- Ayushi Abrol
- April 01, 2022
Amid the growing craze for cryptocurrencies, financial watchdogs have shared their concerns about the lack of a well-structured regulatory framework for the industry. Ever since the launch of cryptocurrencies, governments have been skeptical about their involvement in illicit transactions. The latest news in this regard is coming from Japan where the central bank of the country ‘Bank of Japan’ has released a strict warning for G7 nations urging them to adopt a unified regulatory infrastructure for managing and controlling the crypto sphere.
As per the bank officials, there is an urgent need to chalk out a framework for regulating cryptocurrencies in a bid to avoid financial glitches. The present rules are incapable of tracking the involvement of digital assets in skirting economic sanctions. In the recent tussle between Russia and Ukraine, there has been a rise in discussions pertaining to cryptocurrency transactions. The regulators have raised concerns over the use of crypto tokens to skirt economic sanctions. There has been a rising demand for scrutinizing the role of virtual currencies in this regard as the world moves towards a more financially liberal yet complicated ecosystem.
The chief of the Bank of Japan’s payment systems unit, Kazushige Kamiyama stated that the use of stablecoins makes it convenient to draft an individual global payment settlement infrastructure. This allows countries to deceive the traditional and legal payment channels that use the U.S Dollar, Japanese Yen, or Euro for payment execution purposes. The spearhead added that a regulatory structure is very important for the G7 nations to manage cryptocurrencies and other virtual assets. The current regulations do not completely take into account these requirements related to their mainstream adoption and expansion across the globe.

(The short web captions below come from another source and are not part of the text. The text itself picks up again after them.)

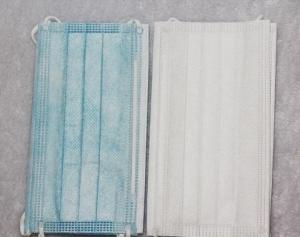 Wholesale Hypoallergenic Disposable Nose Mask , Fliud Resistant Sterile Face Masks from china suppliers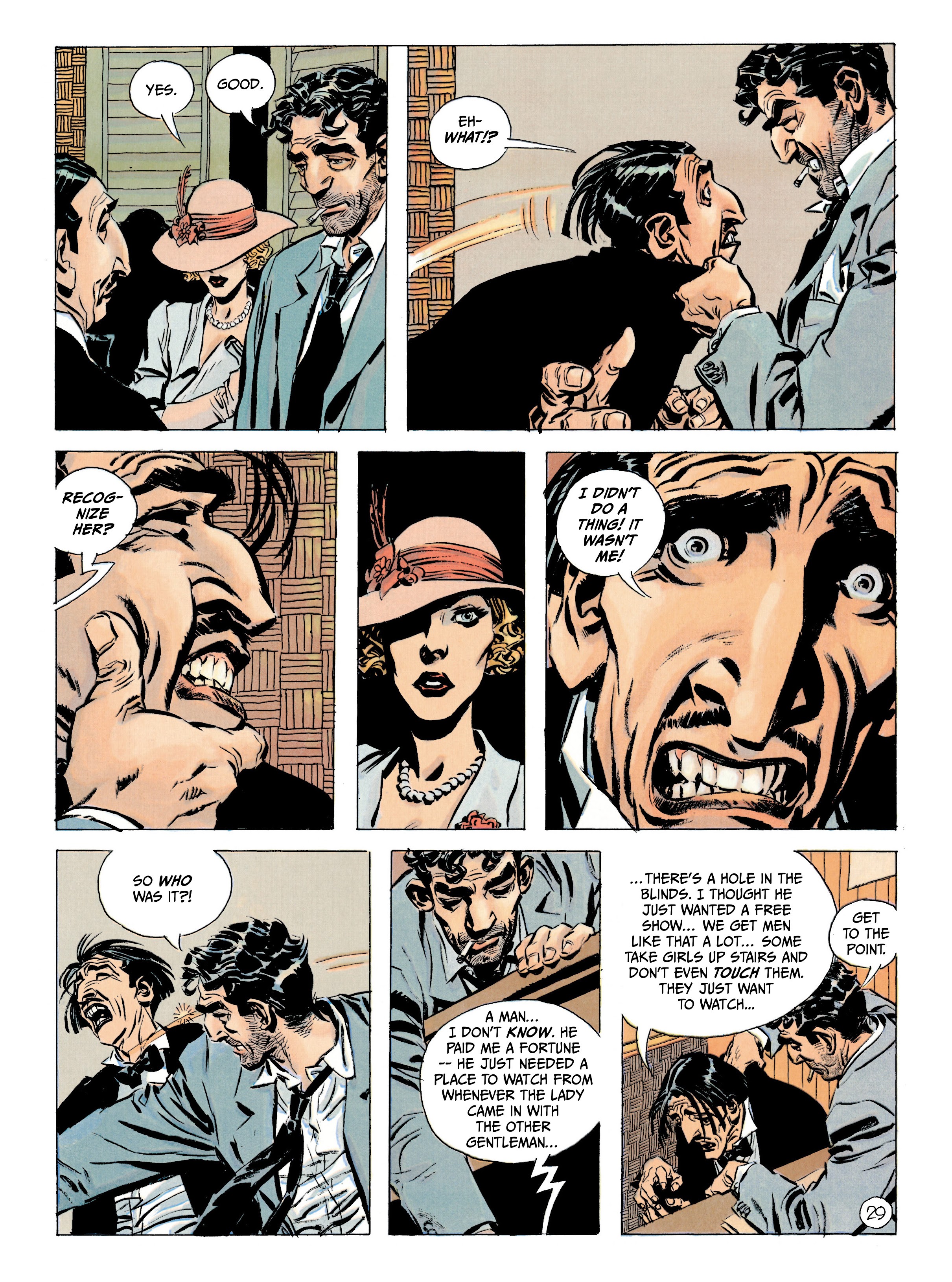 Read online The Big Hoax comic -  Issue # TPB - 34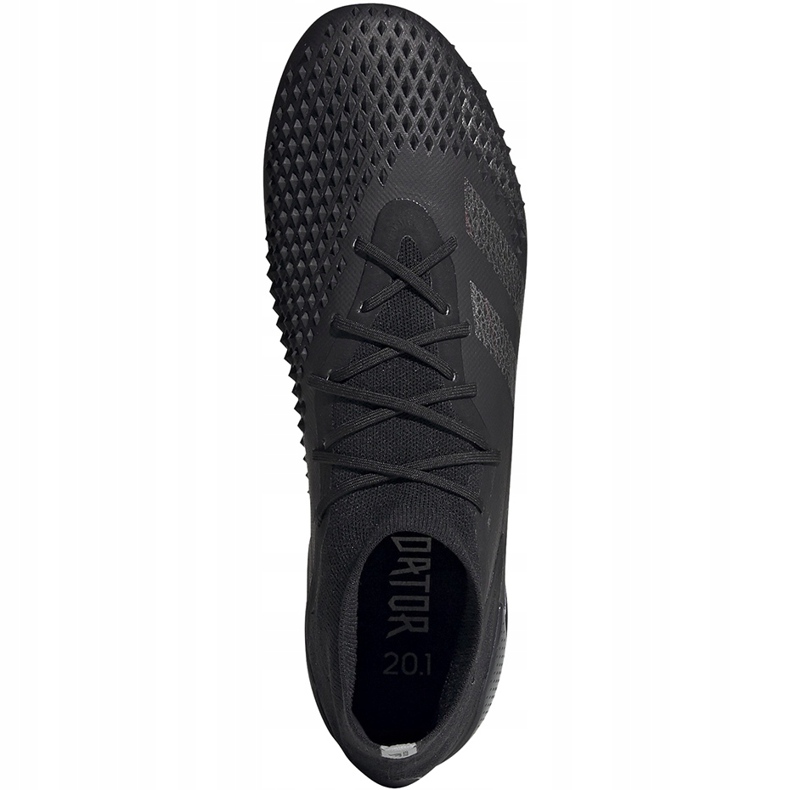 Adidas Predator Mutator 20.1 Fg EF1612 fotbollsskor svart svart 1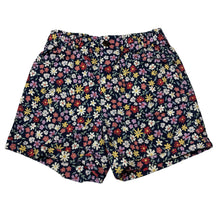 Load image into Gallery viewer, Girls Anko, floral stretch cotton shorts, elasticated, GUC, size 9,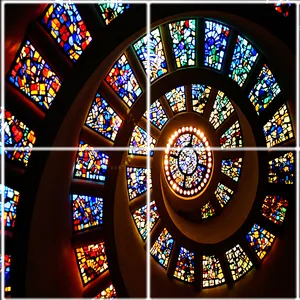 تایل سقفی آسمان مجازی کد ST 6040-4 سایز 60x60 سانتی متر مجموعه 4 عددی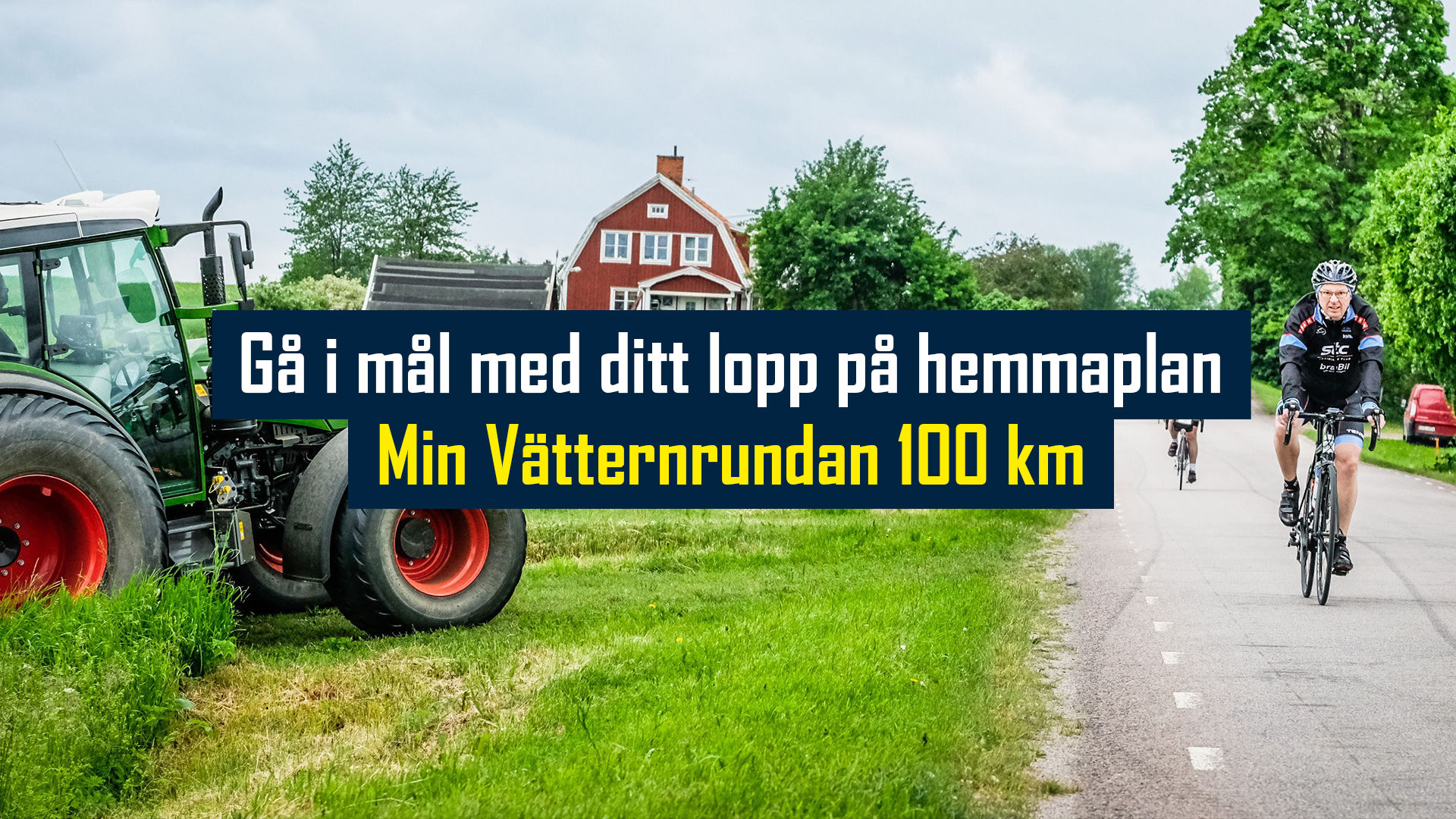 Min Vätternrundan 100 km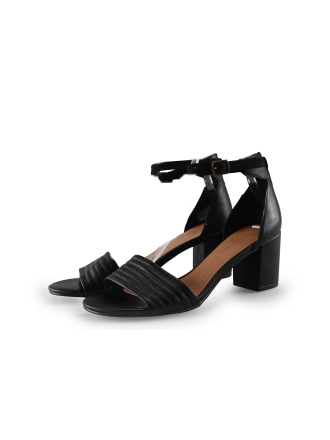 Marco Tozzi Sandalen Zwart 327875
 Maat 40
 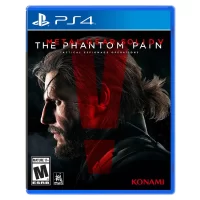 بازی کارکرده Metal Gear Solid V Phantom Pain برای PS4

The chief emphasized that the legal setup will lay a direct impact on the development of the country’s native CBDC project called the Digital Yen. It is essential to strike a balance between the privacy of investors and the potential risks of money laundering and white-collar misconduct. The governor of the central bank, Haruhiko Kuroda shared views on Digital Yen during the FIN/SUM fintech summit held on March 29, 2022. The chief revealed that the bank has no immediate plans to launch a CBDC as it wants to study its impact on the local people of the country.
The officials want to rest assured about the efficiency of the payment and settlement channels. The central bank has kickstarted round two of testing its Digital Yen project. The steps taken by the G7 nations, in the future, will have an impact on the process of the digital project. The country is likely to decide whether to roll out native crypto or not by 2026 depending upon the adoption rate of CBDC across the globe.